Well. He didn’t kill me, though I don’t doubt his intention; it was his very eagerness to reach me that wrecked his day, because he started for me, all right, but was so anxious about it he clipped his thigh rounding the table. Do you remember how tippy those milk bottles were? Struck by more than a sidelong glance they’d whirl and spill. Mr. Holgren took that corner in the meat of the thigh, and half a dozen of the little soldiers leapt from the tabletop and burst wondrously at our feet. That froze Mr. Holgren, and just as he was about to do some real superintending, too. The cafeteria was silent except for the contents of one tipped bottle streaming off the table to the floor—a lonely bathroom sound. Beside me Peter Emerson, feeling left out because his bottle had stopped just short of the edge, moved his elbow furtively. The bottle tipped, sailed out, explo
ded. “Aww,” Peter said aloud. He was the happiest kid I ever knew.

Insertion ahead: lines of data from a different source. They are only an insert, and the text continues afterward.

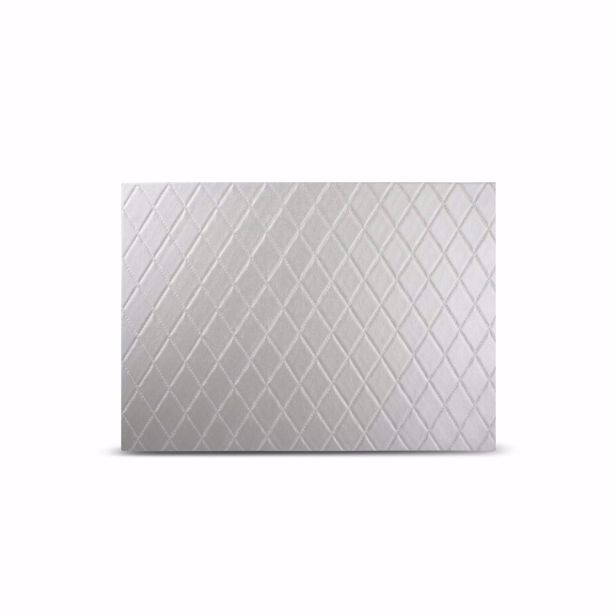 S&P - Placemat 43x30cm ruiten zilver TableTop (Set van 12) 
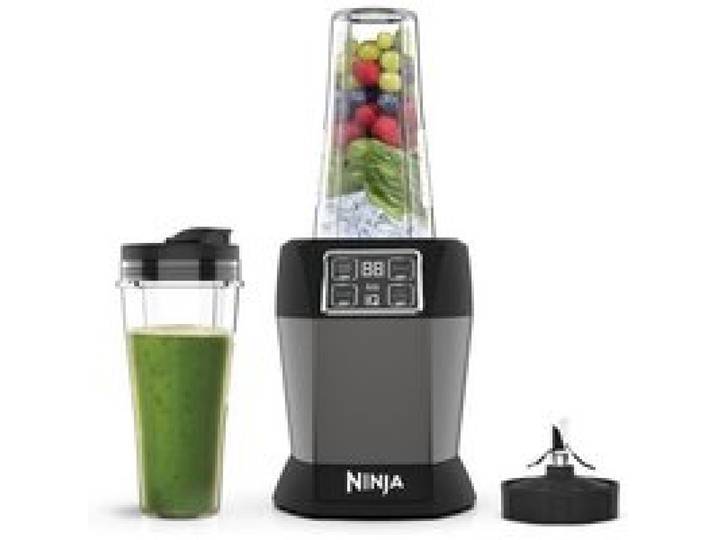 Blender - NINJA - BN495EU - 1000 W - 2 x 700 ml - Gris Noir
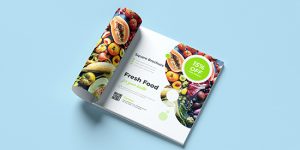 Image of Square Perfect Bound Brochures 210x210mm is a premium and highly sophisticated brochure format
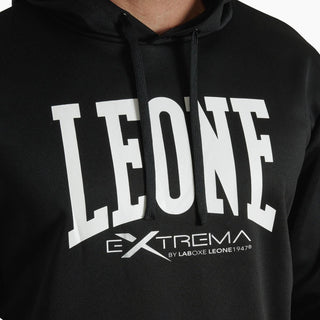 Sweat Leone Logo à capuche ABX119 Noir 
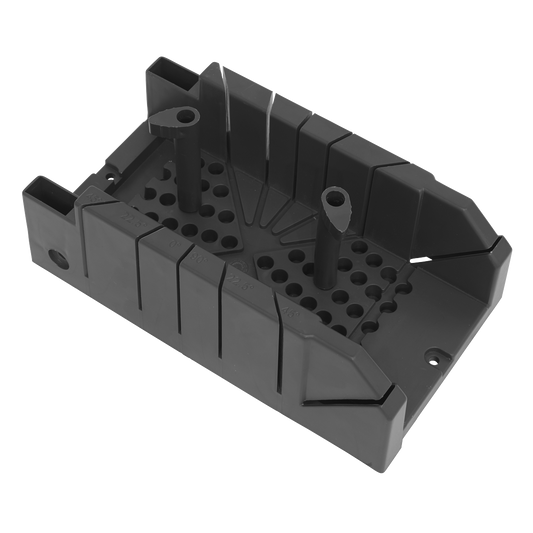 Sealey Mini Mitre Box 310 x 170 x 110mm General Purpose Durable Plastic MB02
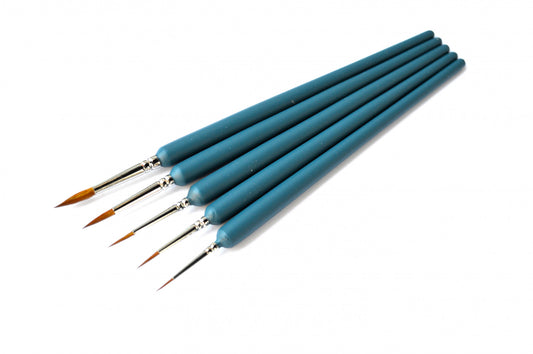 Sable brushes 5 pcs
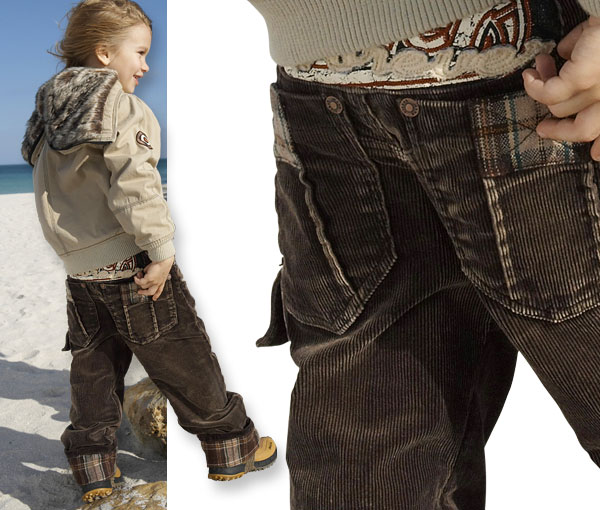 Sell Nice and richt padded boys padded coduroy pant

And then, as would happen, Dad appeared. Instinctively I feared for him, for a curse seemed hovering in that room. And I’ll admit I feared for myself as well. I owned a bit of rotten pride in those days that recoiled at the sight of Dad in coveralls. It didn’t seem fair, you understand. I knew Dad was the smartest, best-hearted, most capable man in any room he occupied, knew too that he was beloved by God, that whatever he touched was apt to prosper, sometimes in mighty and inexplicable style. To see him therefore in janitor clothes seemed to me the result of a strange and discomforting arithmetic. How could it be that his boss was a man like Mr. Holgren—whom Swede called Chester the Fester on account of his face—a man who treated Dad with feudal contempt? Who talked about scouring Dad’s teeth?
And this bothered me, too: Dad would come into a room, pushing his broom, and always some dumb kid would turn to me and smirk. Janitor’s kid. Mop jockey. Cleaned up any good puke lately? I’m sorry if you thought better of me, but the fact is I spent whole hours imagining alarming humiliations for those kids—big dumb kids, always, with effortless all-star lungs. Oh, yes, and hours spent thus were not bitter but passed like joyous dreams, in which Bethany Orchard always chanced along to see the dumb kids at their most abject. It’s true. No grudge ever had a better nurse.